KPNQwest announced today that both its debt and its equity securities may be worthless. Bankruptcy could be looming

May 15, 2002

4 Min Read
KPNQwest Ready to Kick the Bucket?

European telecom company KPNQwest NV (Nasdaq/Amsterdam: KQIP) saw its stock price plummet to a new low today after it announced that its liquidity situation had further deteriorated (see KPNQwest 'Exploring Options').

In midday trading, KPNQwest's stock dropped nearly 60 percent, trading at 43 cents a share. Its bonds were trading at a mere 6 cents on the dollar this morning.

While today’s announcement seems to have sent shockwaves through the market, it shouldn’t have come as much of a surprise. It was just three weeks ago that the company announced it was lowering its 2002 earnings forecast by more than 20 percent, from €1.3 billion (US$1.18 billion) to €1.05 billion ($957 million).

But today’s announcement underlined the severity of the situation. The Netherlands-based company, which is weighed down by an approximately €2.3 billion ($2.09 billion) debt load, revealed that its liquidity position had continued to deteriorate since its April 24 announcement. It has hired Bank of America Corporation and Bear Stearns & Co. Inc. to help with the reorganization of its balance sheet. The company has approached shareholders and third parties in attempts to find buyers for some of its non-strategic assets. However, no such buyers have surfaced yet.

“We are working with our advisors to look at all types of scenarios,” Piers Schreiber, a company spokesperson said today in response to the question of whether KPNQwest might soon be filing for bankruptcy.

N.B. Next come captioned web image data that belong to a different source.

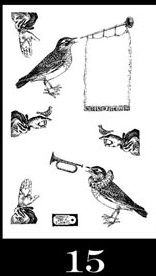 Queen of Tarts Stamp Set 15 small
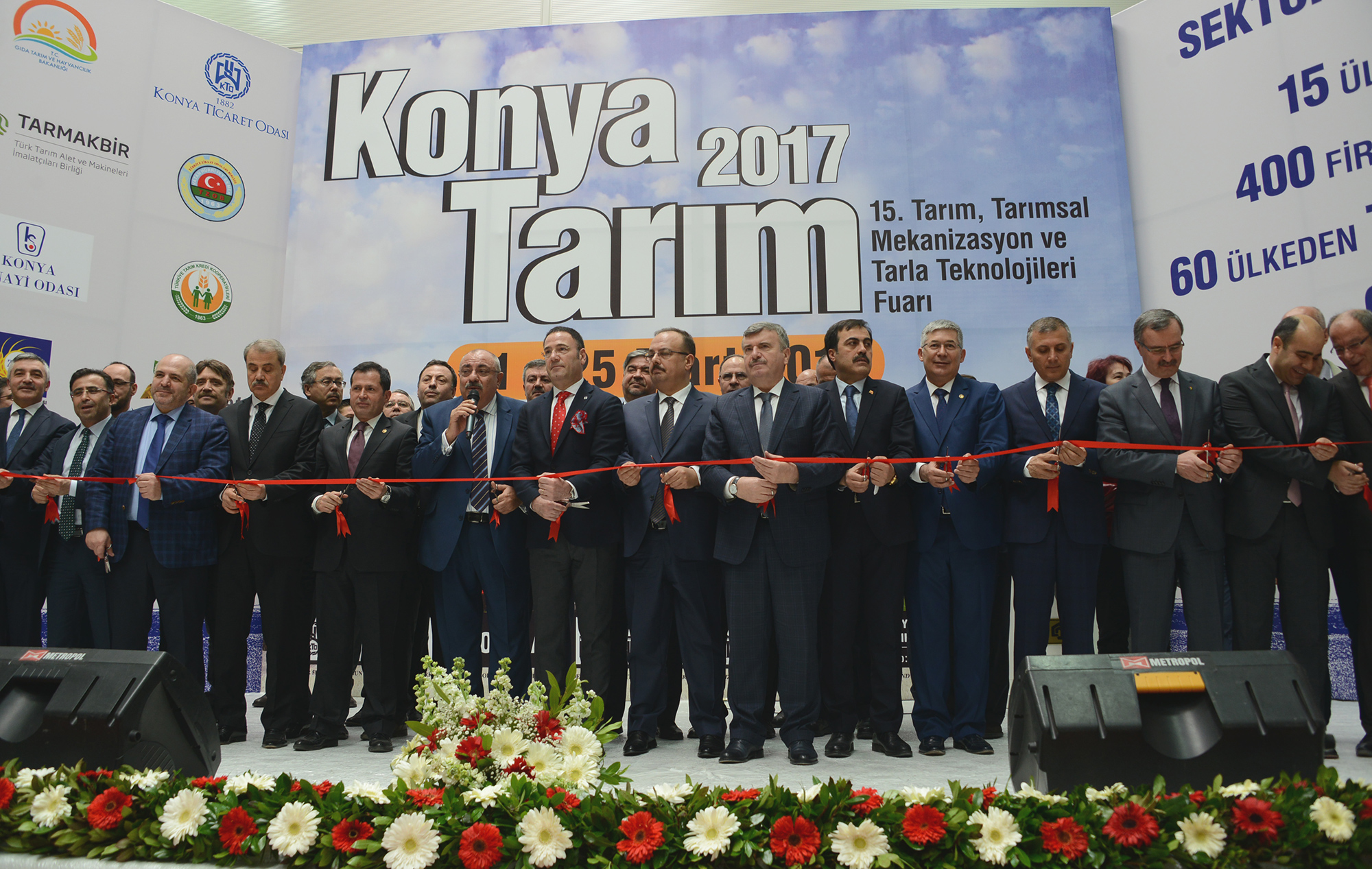 15. Konya Tarım Fuarı Açıldı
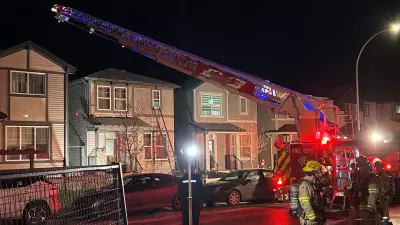 Calgary Firefighters Battle House Blaze in Cornerstone, No Injuries Reported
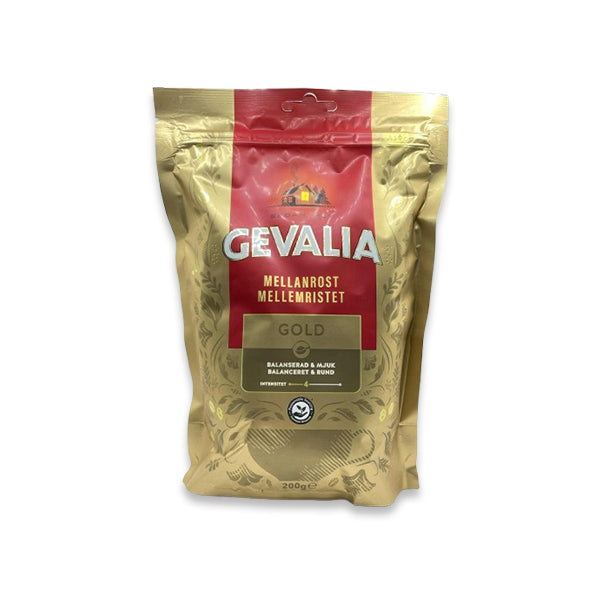GEVALIA MELLANROST MELLEMRISTET GULD 200g
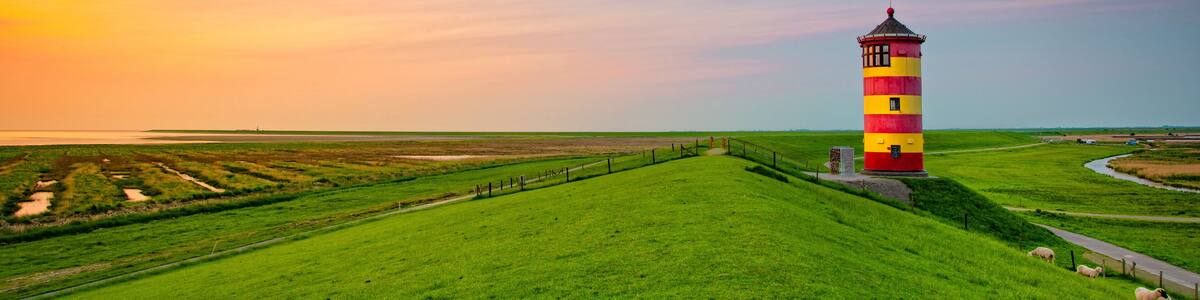 A beautiful lighthouse on the East Frisian coast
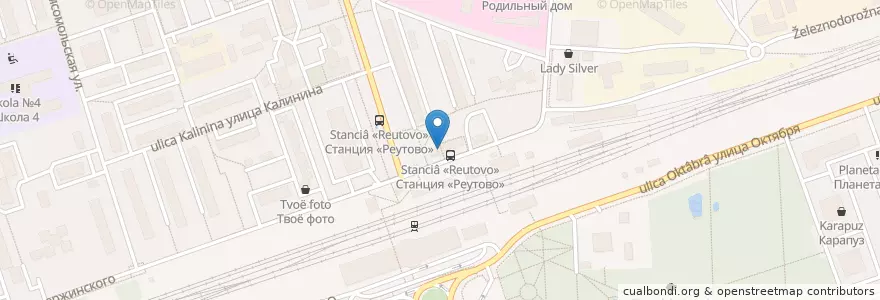 Mapa de ubicacion de Чайхана Халяль en ロシア, 中央連邦管区, モスクワ州, Городской Округ Реутов.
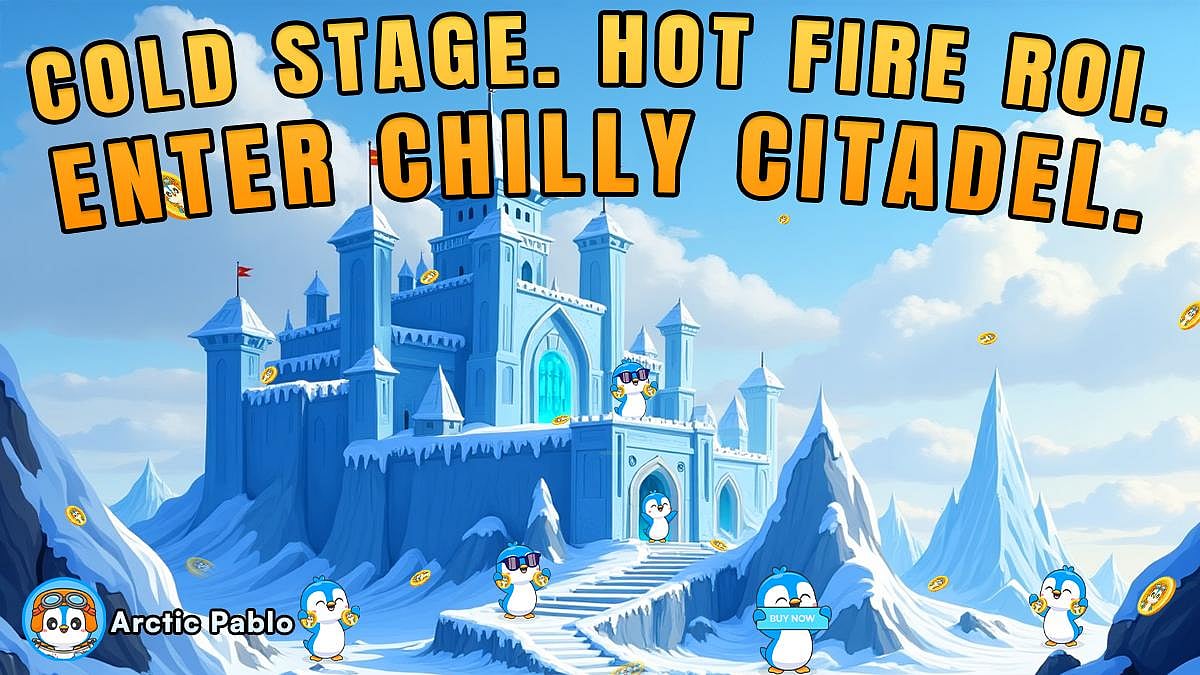 Ice castle, penguins, coins, and arctic pablo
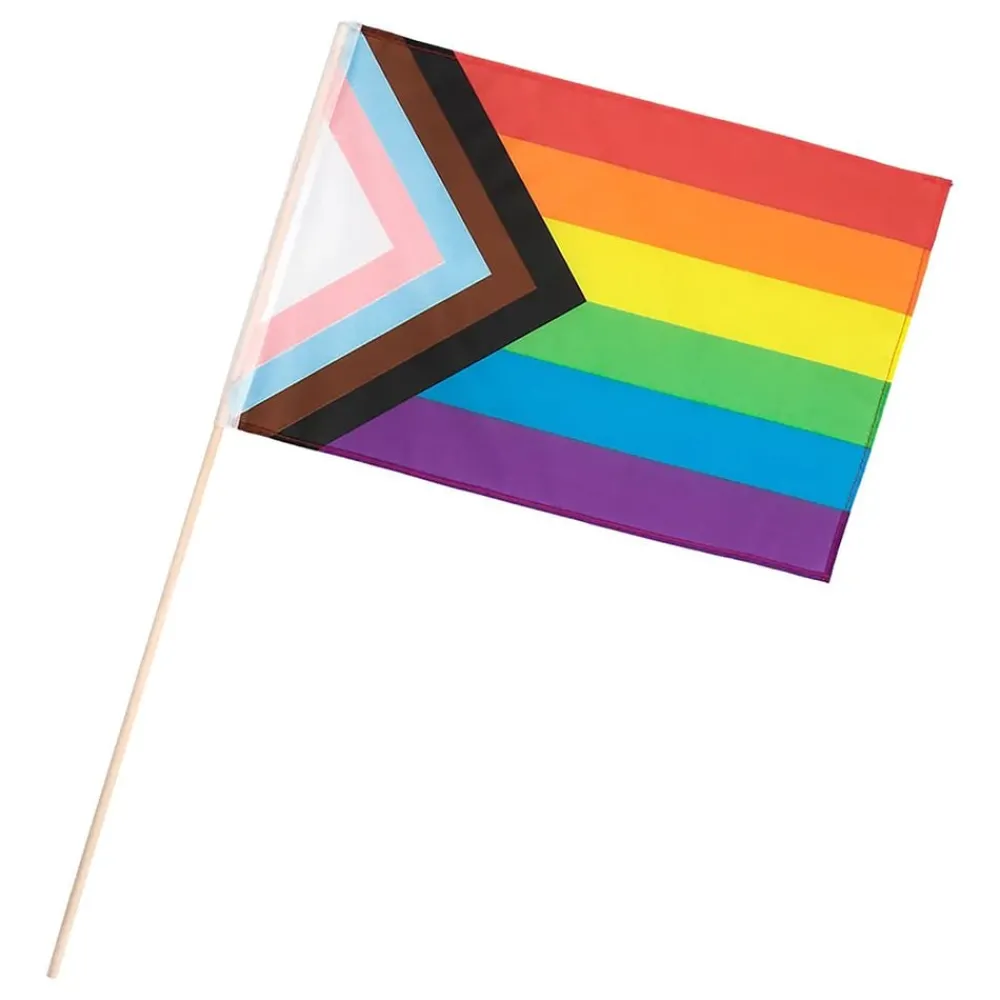 Boland Party Partners B.V. Håndflag i Polyester Pride Progress - Flag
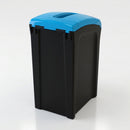 55 Litre Confidential Waste Recycling Bin with Lockable Aperture (view 2)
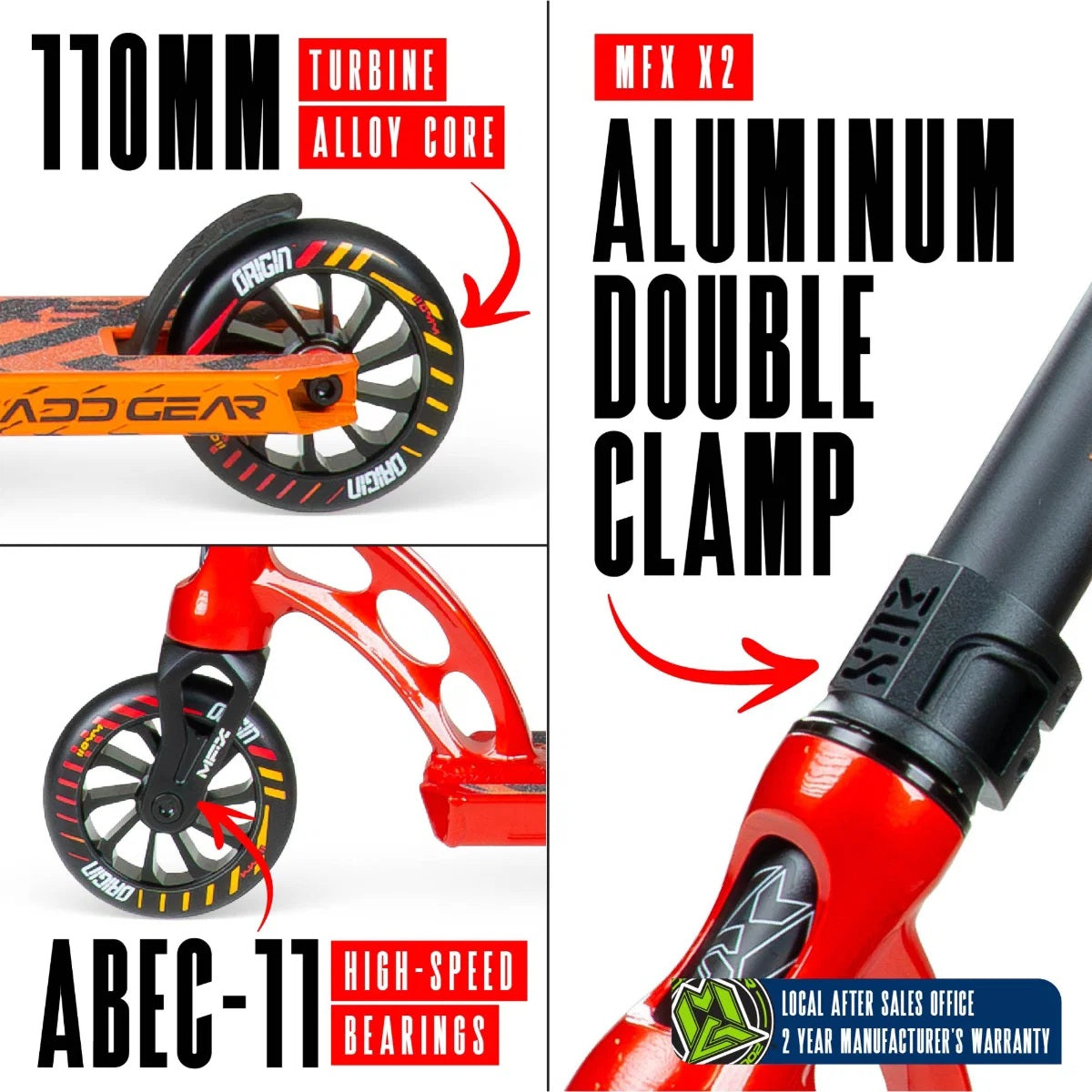 MGP VX Origin IV 450 Stunt Scooter - Phonon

He says there are a lot of stakeholders to take into consideration.

If KPNQwest isn’t able to scramble together buyers or investors in an already hard-hit market, it probably will have no other choice than to file for bankruptcy. While the company has entered into discussions with the lenders under its existing credit facility, in the current situation it is no longer able to draw further funds from its existing credit line and doesn’t expect to meet its funding requirements for 2002. About €300 million ($274 million) have already been drawn on its bank credit facility.

“I suspect that after a statement like that, they’ll be filing for bankruptcy,” says Rex G. Mitchell, an analyst with BB&T Capital Markets. “It’s a wakeup call to debt-holders, saying ‘Help us out here!’ ”

So what has happened to KPNQwest to make its shares lose 95 percent of their value over the last year? The recent uncertainty in the alternative telecommunications market receives much of the blame, and Schreiber says the company has been especially hard hit by the dwindling of the wholesale capacity and IRU markets.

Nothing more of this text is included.